Tuesday, November 25, 2014

My Trip to China

This is the third in a series of blogs about my recent trip to China.



Friday, November 7, Hangzhou

Yesterday morning we visited and took a tour of the corporate headquarters of Alibaba and saw an introductory video from Jack Ma, CEO. Alibaba is China's version of Amazon, eBay and UPS all rolled into one. We watched a real-time electronic screen/map that showed actual sales on Alibaba--it looked like a fireworks display. Sixty Minutes recently did a feature on Ma and his company.

We lunched at a historic restaurant on the West Lake where Nixon and Kissinger dined when they came to China. The food in Hangzhou is milder than in the north and more to my taste. Afterwards we took a boat ride, powered by a Chinese paddler, on West Lake. The lake is a World Heritage site and beautiful--roughly nine square miles. Part of the lake is a series of waterways through wetlands teeming with wildlife. Gardens, paths and bridges dot the landscape. The mountains surround three sides of the lake and the city sits on the fourth side. There are several large pagodas overlooking the lake on the mountains. The whole scenery is stunning. 

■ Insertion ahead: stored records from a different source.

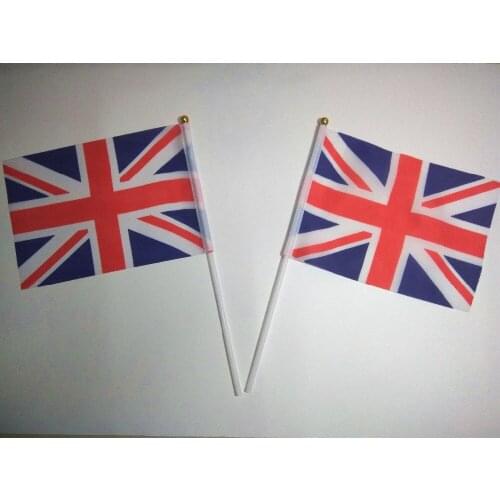 Wholesale Hand wave banners Great Britain small National flags polyester materials with pole 14*21 cm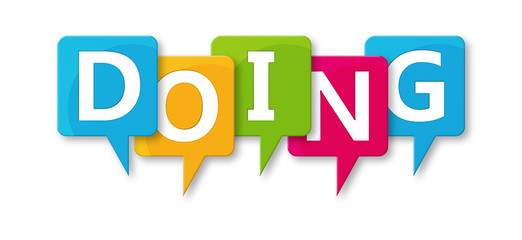 Doing - letters written in beautiful boxes on white background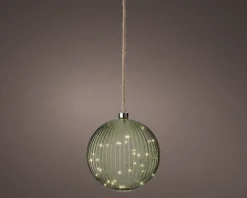 Lumineo kersthanger bal groen met verlichting D 20 cm
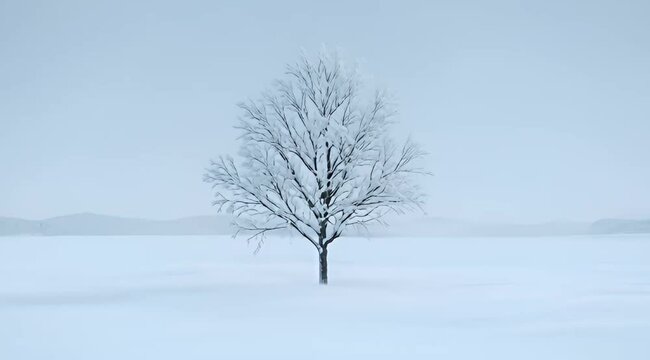 Solitary snow covered tree in a stark white winter landscape image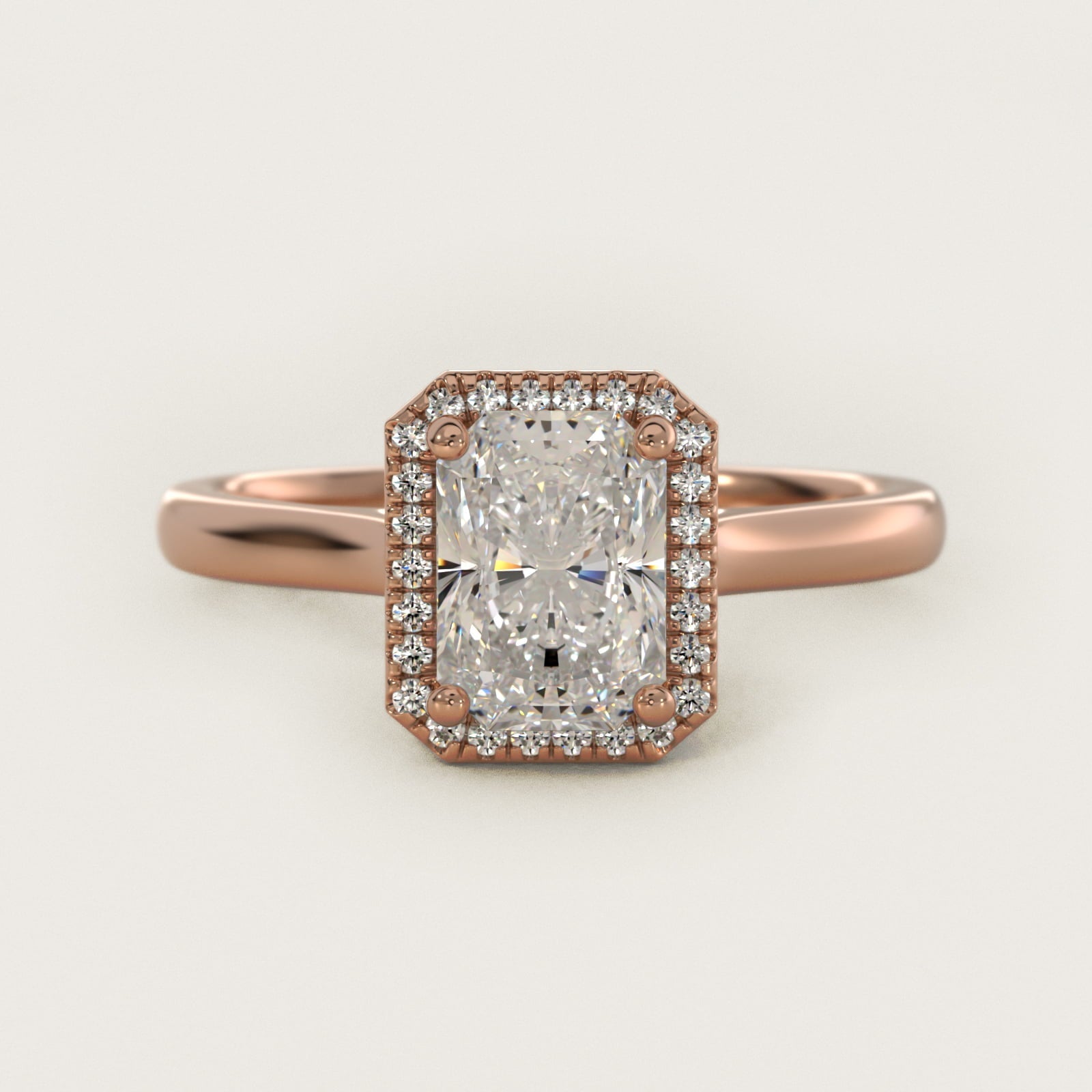 Plain Shank Floating Halo Engagement Ring in 18k Rose Gold - Radiant Center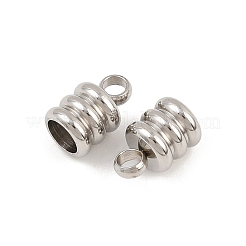 変色しにくい201ステンレススチールコードエンド  エンドキャップ  ステンレス鋼色  9x6mm  穴：2mm  内径：4mm&nbsp;STAS-R063-27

Later in the afternoon, we went into an older section of Hangzhou. One of the ancient fortified gates to the city survives there. The winding, narrow streets were only for pedestrians, bicycles and scooters. Shops with upstairs living quarters lined the streets. We went into one of these for a tea tasting. They let us try green tea, black tea, and a flavor intermediate between the two while telling us the history of Chinese tea culture. It was both informative and delicious.

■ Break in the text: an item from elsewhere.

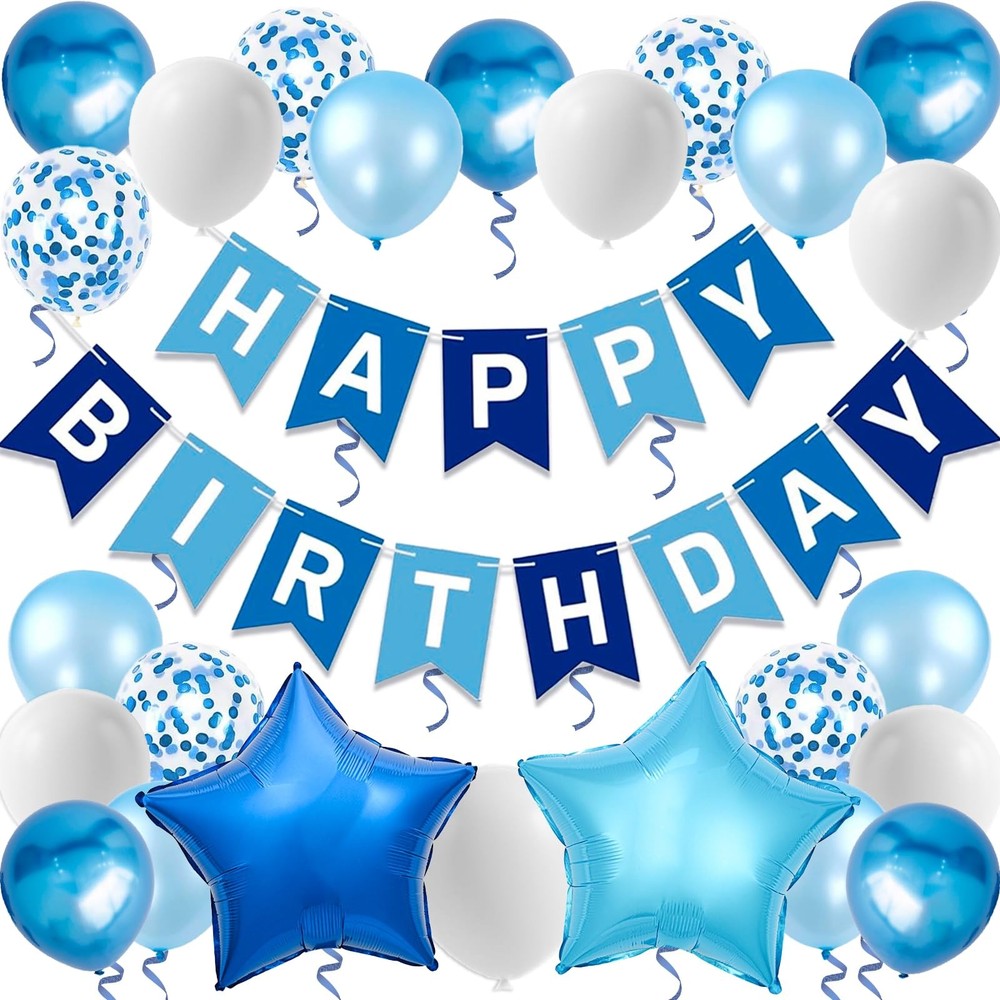 Blue Decorations for , Blue Happy Banner, Star Balloons and Confetti Latex Ba…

After tea, we shopped. This part of the city is a tourist trap in the richest and most entertaining sense of the word. The group had a ball haggling with street merchants. We ate dinner at McDonald's (doesn't taste the same) to save time. Back at the hotel, I Facetimed Sarah Park, which really is amazing technology. I slept the best yet until 6:45 am.



Saturday, November 8, Nanjing

Yesterday morning we visited the Lingyin Buddhist Temple in Hangzhou. It is an extraordinary complex of five temples on one side of a mountain with a large creek, rock cliff and caves on the other. The temples sit in an old growth forest. Monks are present. The temples contain gigantic Buddhas and statues of lesser deities. Chinese tourist burn incense and make wishes. There was also a grotto in the cliff that I suspect was an original religious shrine dating back to the Stone Age. Each temple sits higher up the mountain and, presumably, higher on the path of Enlightenment. 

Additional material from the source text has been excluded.